The announcement that Waterstones, the nearest UK equivalent to Barnes & Noble as a bookselling chain, will be selling the Kindle in their stores came as somewhat of a shock.

There had been rumors that B&N was closing in on a deal to partner with Waterstones on the Nook.

The difficulty in making deals around a reading device and supporting ecosystem is that the sales of content subsidize the sale of the devices. It’s all part of a total equation around the “lifetime value” of the customer. The device-supplier really requires the ebook sales to make the device sale profitable.

So when Kobo did their deal with WH Smith in the UK (and FNAC in France) last Fall, it made sense to me why they’d do it rather than Waterstones. At that time, Waterstones was saying they’d deliver their own device.

Knowing what B&N has had to spend in development to make the Nook work across a store and revenue base several times as large as Waterstones, that always seemed like a very heavy lift. It wasn’t a surprise when Waterstones kept missing delivery dates for its device nor when the rumors shifted to them doing a device deal with somebody else. Since Kobo already was working with their biggest competitor, the logic said it had to be Nook.
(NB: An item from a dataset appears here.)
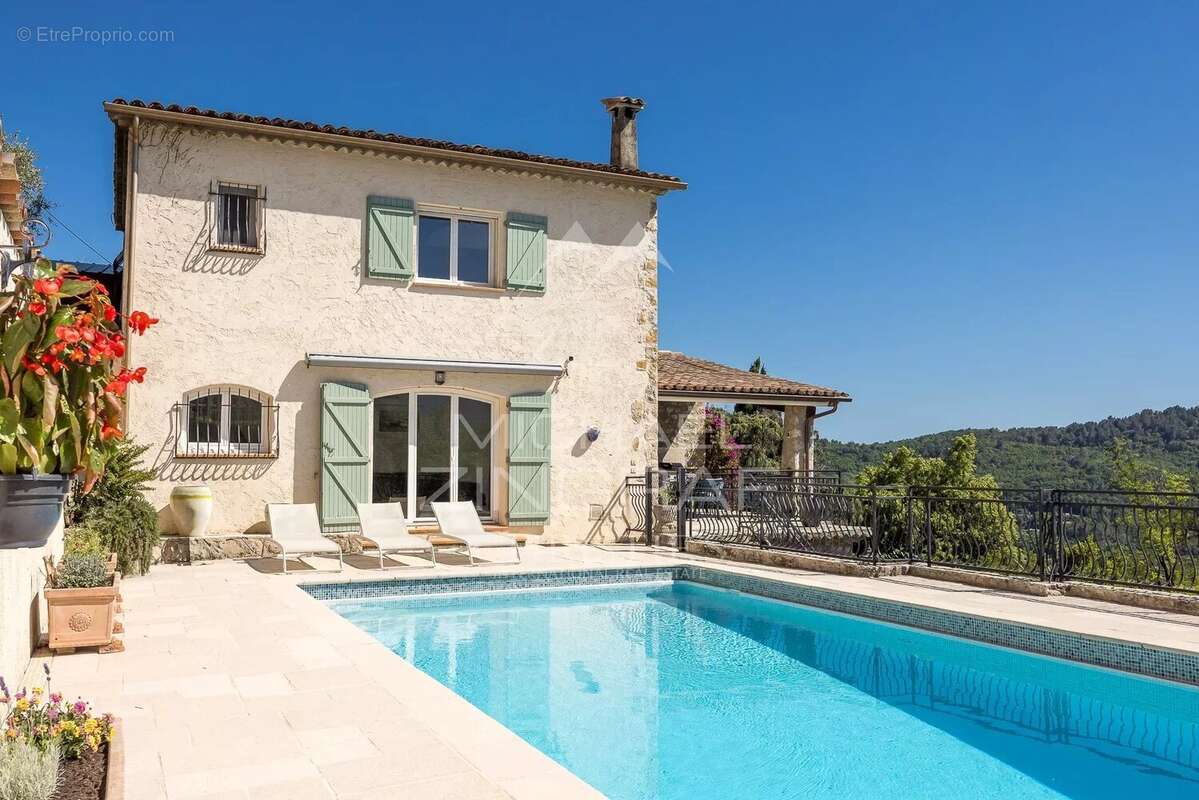 Maison à TOURRETTES-SUR-LOUP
I don’t know anybody who predicted it would be Kindle.

Michael Cader in Publishers Lunch reads the press releases the same way I do and we both get the message that the only ebooks Waterstones will share revenue on are those that are purchased over Waterstones’ in-store wifi network. (That network doesn’t exist yet; it’s being built now which is why they won’t start selling Kindles for a few months yet.)

Cader quotes Tim Hely Hutchinson of Hachette as being “fully supportive” of the deal. Since his two biggest customers have just joined forces, I can imagine that his private thoughts might be a bit more troubled than his public pronouncements. (When presented with lemons, make lemonade.) But I wouldn’t pick a public fight with my biggest sources of revenue, either.
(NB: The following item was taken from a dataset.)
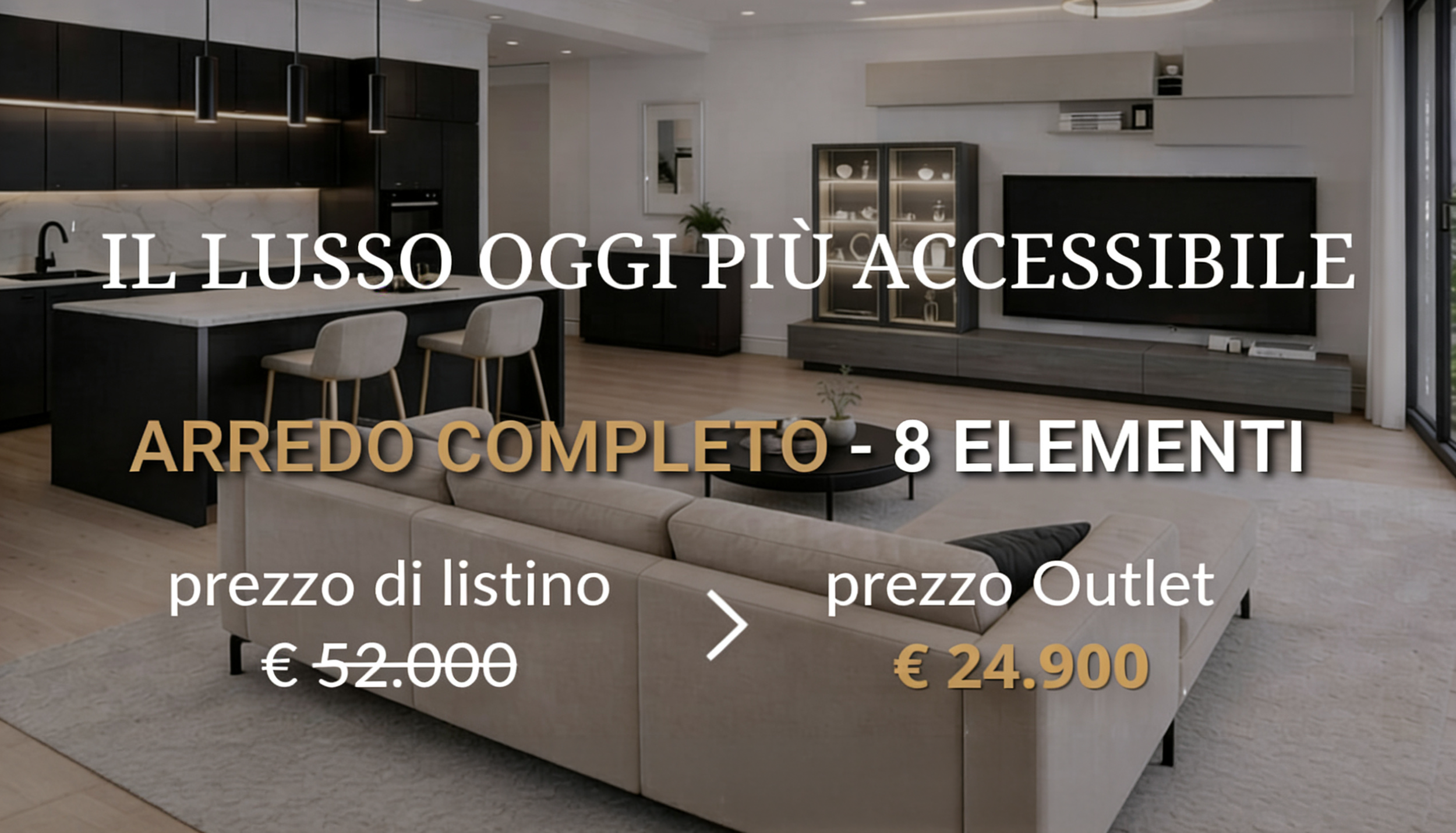 Interno di un soggiorno con cucina moderna, divano beige, televisore e mobile display, con testo pubblicitario sovrapposto.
How will Waterstone’s benefit from this deal? Well, they’ll make some margin on the Kindles they sell. They won’t make much selling ebooks if the only ones they’re paid for are the ones transacted in their stores. I’ve seen some speculation on an email list that they’ll use the Amazon connection to get more promotional money from publishers, but since they’ve already kicked up discounts considerably, I’m not sure how much blood is left in that stone.
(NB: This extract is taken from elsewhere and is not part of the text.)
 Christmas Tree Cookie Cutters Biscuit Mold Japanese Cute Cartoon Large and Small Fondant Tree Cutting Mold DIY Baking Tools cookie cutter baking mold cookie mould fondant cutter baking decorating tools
It would be bad practice to criticize a deal when one has no idea about the details. And it could be that Amazon made Waterstones an offer that it would have been crazy for Barnes & Noble to try to match or for Waterstones to turn down.

But it is hard to escape the conclusion that this arrangement will accelerate the British public’s move to ebook reading and, at the same time, strengthen what is already the strongest book retailing platform. Amazon’s commanding share of the online print market and their share of ebooks can only rise from the commanding levels (often referred to as 90%, but I don’t know if that’s accurate) they now hold.

Waterstones’ claims that they will both be growing their online print business and delivering their own ebook store might indeed be sincere, but they are almost impossible to take seriously.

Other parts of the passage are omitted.